■ Problem details:
Without the pictures, print the lines running from the beginning of the material to the line containing "Front end is", both ends included.
· · · · ·
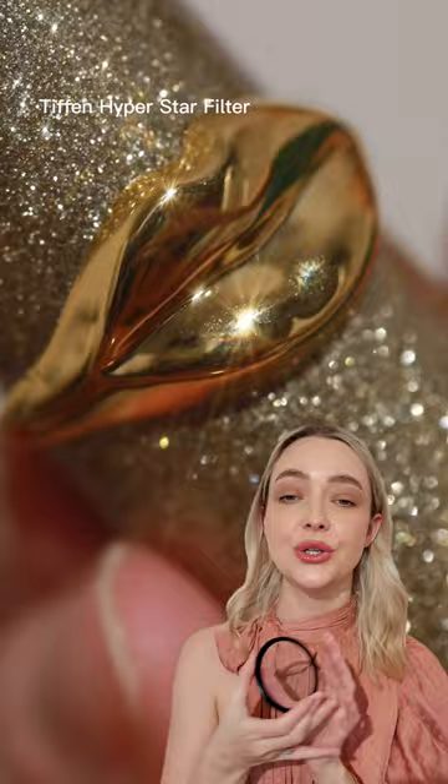If you like this filter, you want to stick with me in my filter series, because definitely more filters are coming your way.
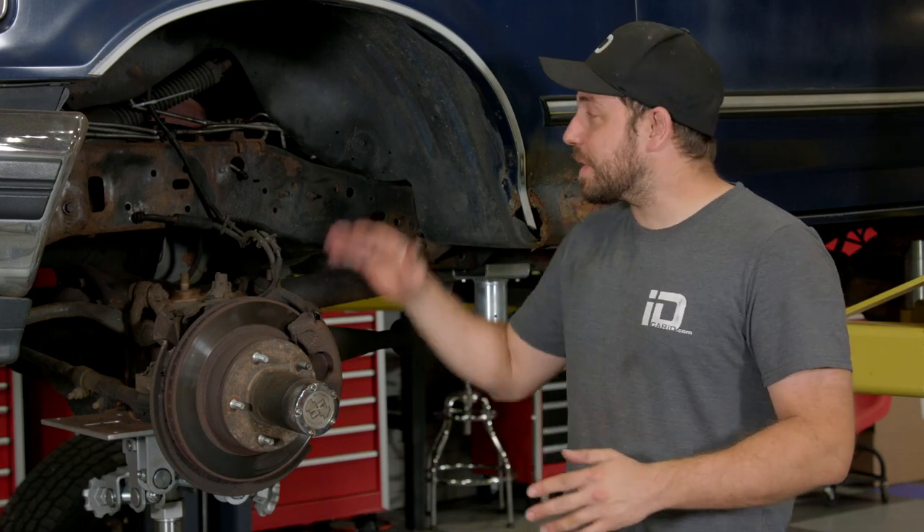Front end is torn down. We've got the frame cleaned up on either side and this thing is pretty much ready to go. In the next video you're going to see us paint the frame with some rust-preventative paint. We'll see you guys next time.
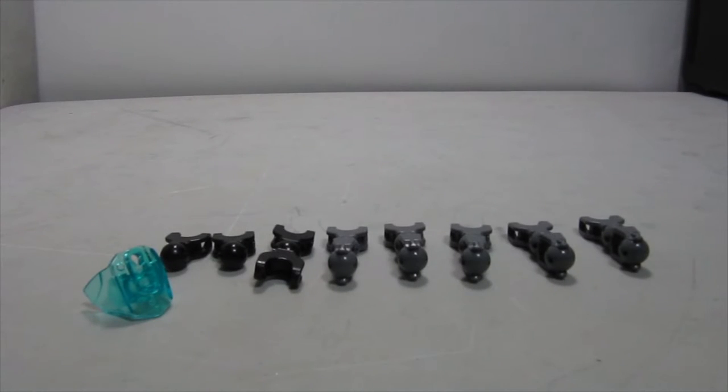Hello everyone and welcome to another video by CommeshRex. Today we are going to be building another one of my Hero Factory MOCs — it is Cortex today, a computer type thing. We are still using that method where I build half the MOC and then the other half is already pre-built.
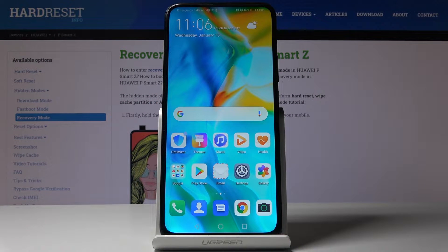Here I've got the Hero A PSMART Z and let me show you how to activate and use recovery mode on the following device.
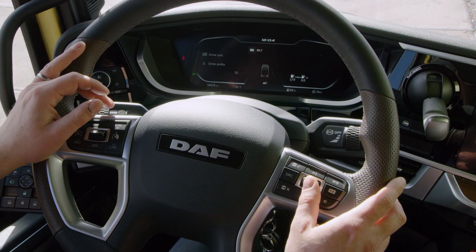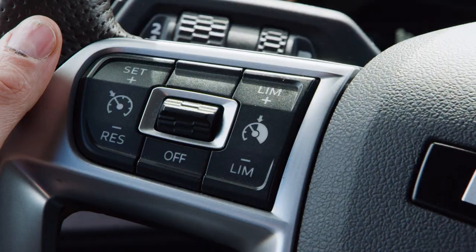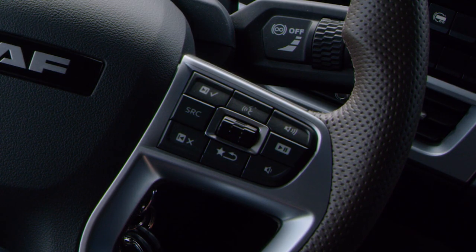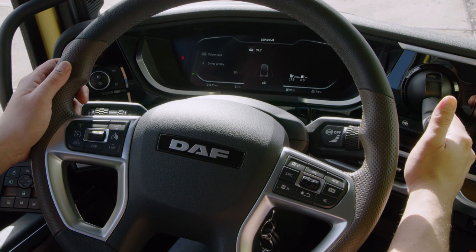The development philosophy of the new generation DAF is hands on the wheels, eyes on the road — having all necessary features available at your fingertips. The full menu is accessible with the buttons on the right side of the steering wheel, while the park brake is activated.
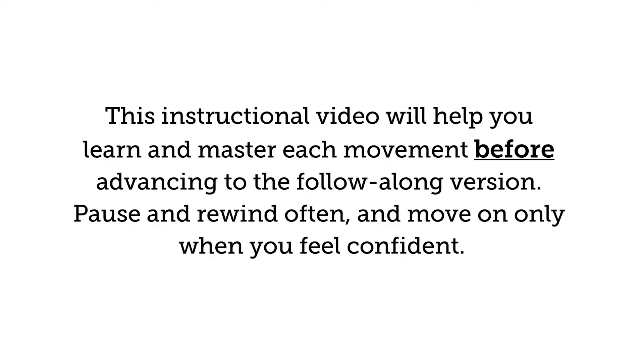This instructional video will help you learn and master each movement before advancing to the follow-along version. Pause and rewind often and move on only when you feel confident.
· · · · ·
■ Exercise result:
If you like this filter, you want to stick with me in my filter series, because definitely more filters are coming your way.
Front end is torn down. We've got the frame cleaned up on either side and this thing is pretty much ready to go. In the next video you're going to see us paint the frame with some rust-preventative paint. We'll see you guys next time.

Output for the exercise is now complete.